= Anna-Maria Tsakali =

Anna-Maria Tsakali (Greek: Άννα-Μαρία Τσακάλη; 1959) is a Greek painter.

== Biography ==
She was born in 1959 in Piraeus. From 1983 to 1987 Tsakali studied at the Beaux-Arts de Paris under Leonardo Cremonini. In her early years she focused on everyday objects such as clothes, furniture and utensils as well as cityscapes. Later she turned to landscape painting with an emphasis on nature, and since then the main motif of her depictions has been flowers and plants.
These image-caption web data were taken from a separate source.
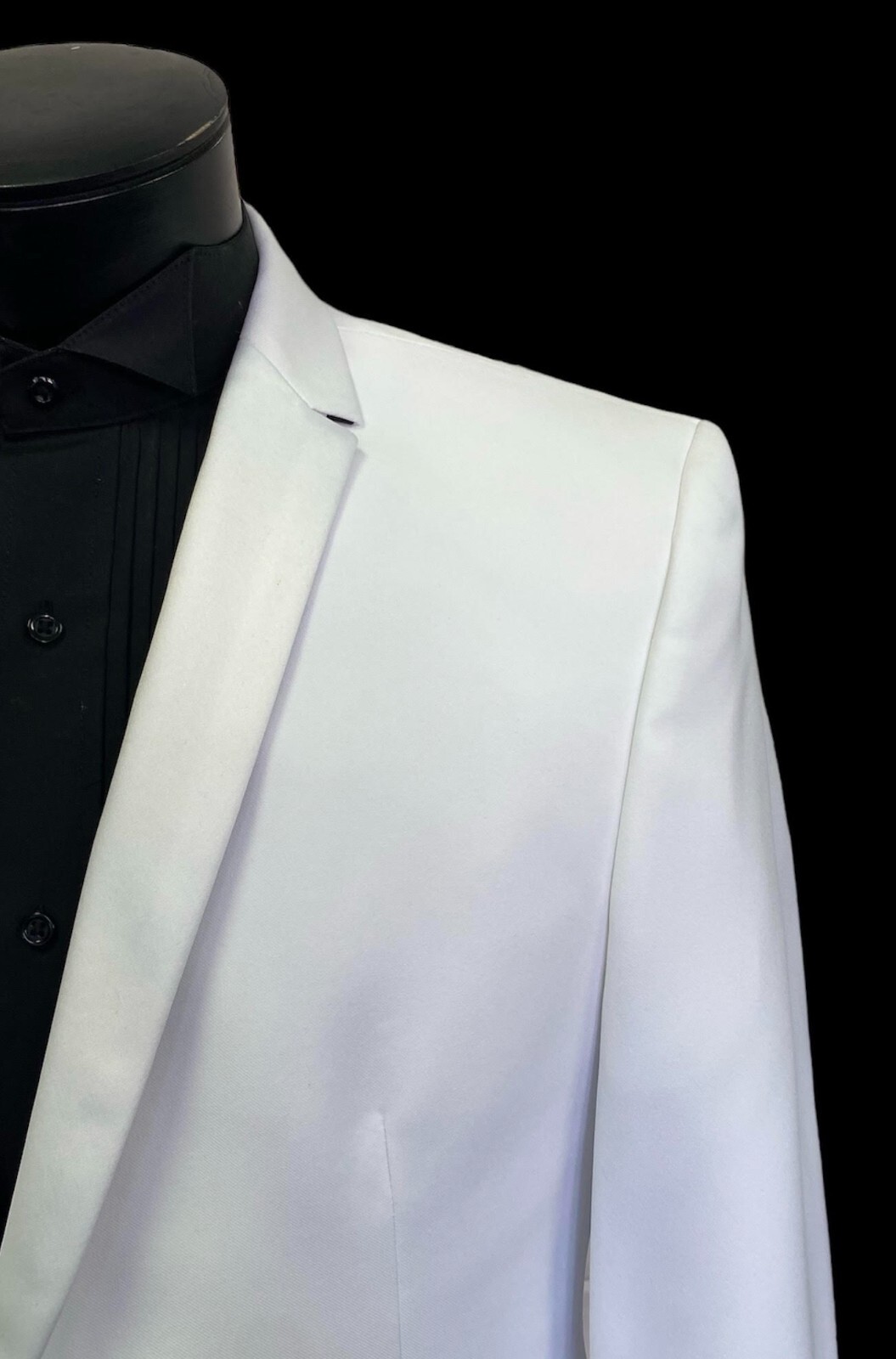 Boy’s Jean Yves White Tuxedo Jacket One Button Modern Fitted Slim Fit- Easter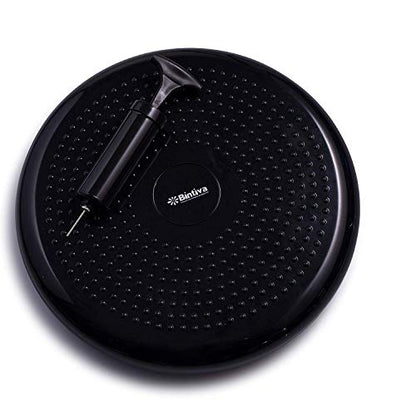 Wobble Cushion Balance Disc - Wobble Disc & Wiggle Seat, Balance Pads for Physical Therapy, Wobble Disk, Sensory Room Equipment - Wobble Seat - color: Black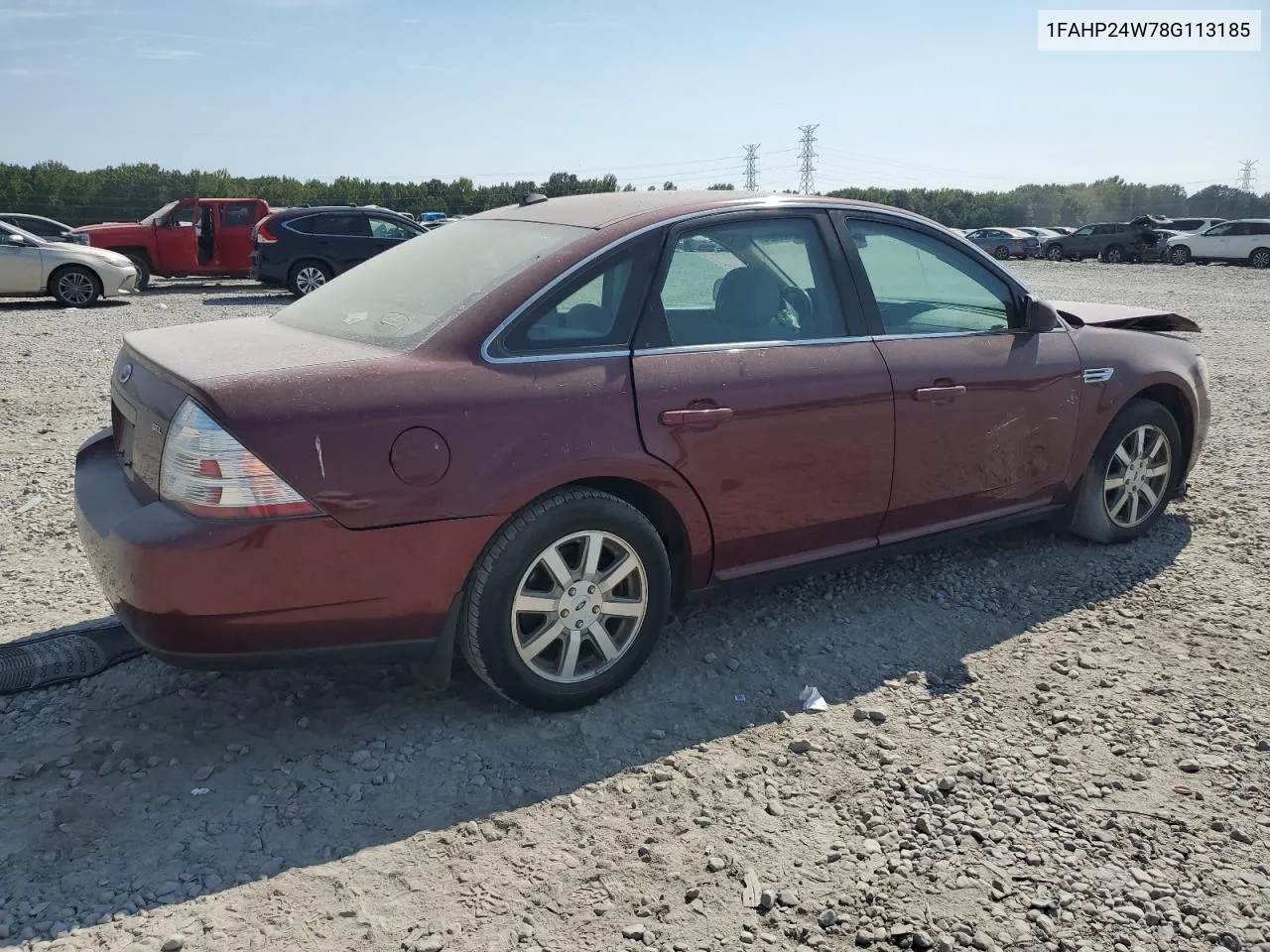 2008 Ford Taurus Sel VIN: 1FAHP24W78G113185 Lot: 68808034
In 2013 she held a retrospective exhibition of her works at the Musée Lambinet in Versailles. The artist's works are exhibited at the National Gallery of Greece, the Frissiras Museum, the Kouvoutsakis Gallery, the Teloglion Foundation of Arts, the National Bank of Greece Collection, the French Ministry of Finance and private collections. She has also illustrated books. Tsakali is married to Edouardos Sakayan, who is also a painter.

== Bibliography ==
- Κομίνη-Διαλέτη, Δώρα· Ματθιόπουλος, Ευγένιος Δ (2000). Λεξικό Ελλήνων Καλλιτεχνών:Ζωγράφοι, γλύπτες, χαράκτες, 16ος-20ός αιώνας. Καλλιτεχνική βιβλιοθήκη. 4. Athens: MELISSA Publishing House. ISBN 978-960-204-226-7.